Fifteen months ago, I offered up my favorite kind of investment idea.
It was an asymmetric investment opportunity, or a trade heavily skewed in favor of upside with a minimized chance of downside.
In an ideal world, my entire portfolio would be built of asymmetric opportunities like this one… This particular asymmetric opportunity I identified last August was in the insurance sector.
A business that is, for the most part, beautifully boring.
What attracted me to insurance stocks last August was their valuations – most of the entire sector was absurdly cheap.
Perhaps cheaper than it had ever been before.
Three world-class insurance companies caught my eye. This trio consisted of American International Group (NYSE: AIG), MetLife (NYSE: MET) and Prudential Financial (NYSE: PRU).
All three of these rock-solid businesses were trading for less than 0.5 times book value, as you can see below.
Historically, these companies have traded at or above full book value.
To get back to normal historical valuations, this group of blue chip insurers would have had to double.
That was our upside potential.
More importantly, with these stocks trading at historic lows, like $0.50 on the dollar, it seemed to me that their long-term downside risk to investors was almost nonexistent.
Whenever an asymmetric opportunity like this exists, it is important to ask yourself why.
Why would a group of solid companies be priced so cheaply relative to historical norms?
In this case, the earnings of the insurance sector were deeply depressed by the astoundingly low interest rates in effect in August 2020.
Insurance companies make money investing the cash that they receive from premiums.
Since most of those investment dollars have to go into fixed-income securities, low interest rates are a terrible drag on earnings.
By valuing these insurance stocks at less than 0.5 times book value, the market was telling me that it didn’t think interest rates were going to rise anytime soon.
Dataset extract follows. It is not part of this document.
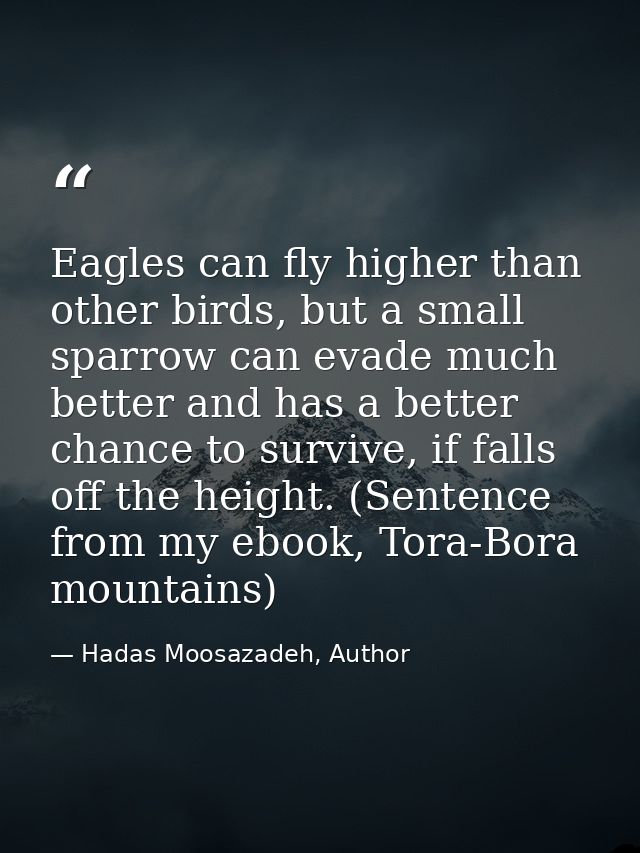 Eagles can fly higher than other birds, but a small sparrow can evade much better and has a better chance to survive, if — Hadas Moosazadeh, Author
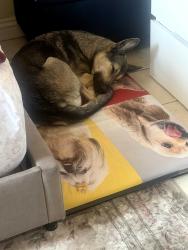 Lost Female Dog last seen Osborne and telfair, Los Angeles, CA 91331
While I didn’t know when interest rates might start rising, I noted two important factors working in our favor:
- It was virtually impossible for interest rates to go any lower, so again our downside was limited.
- With central banks around the world printing money like never before, the chances of interest rates soaring was high.
The degree of risk was skewed in our favor.
Since then, interest rates have had a big move higher.
For example, the 10-year Treasury rate has tripled from its August 2020 reading.
Rising rates mean rising earnings for the investment income generated by insurance companies.
Rising earnings drive stock prices higher.
The average increase in the stock price of these three insurance companies since last August is 75%. That return is 32 percentage points better than the 43% return of the S&P 500 since I recommended this group.
With the significant rise in the share prices of these companies, I no longer see the same kind of asymmetric opportunity that these stocks presented 15 months ago.
They aren’t nearly as cheap.
These companies’ price-to-book ratios – or the ratio for price per share divided by book value per share (balance sheet asset value minus select liabilities) – have risen from about 0.5 to around 0.7.
But in spite of the rise in prices, these stocks aren’t expensive yet.
I think there’s still upside here if interest rates keep moving higher, which seems almost certain with ongoing inflation at concerning levels.
I could see this group continuing to move higher, and I would target full book value as an exit valuation point for the group.
Historically, I have been guilty of not letting my winners run for long enough, and I don’t want to make that mistake here.
We are up 75% so far on this trade, and I think we could get a full double out of it as interest rates trend higher in the coming months.
Low risk, high reward.
Tick this trade off as one that worked out perfectly.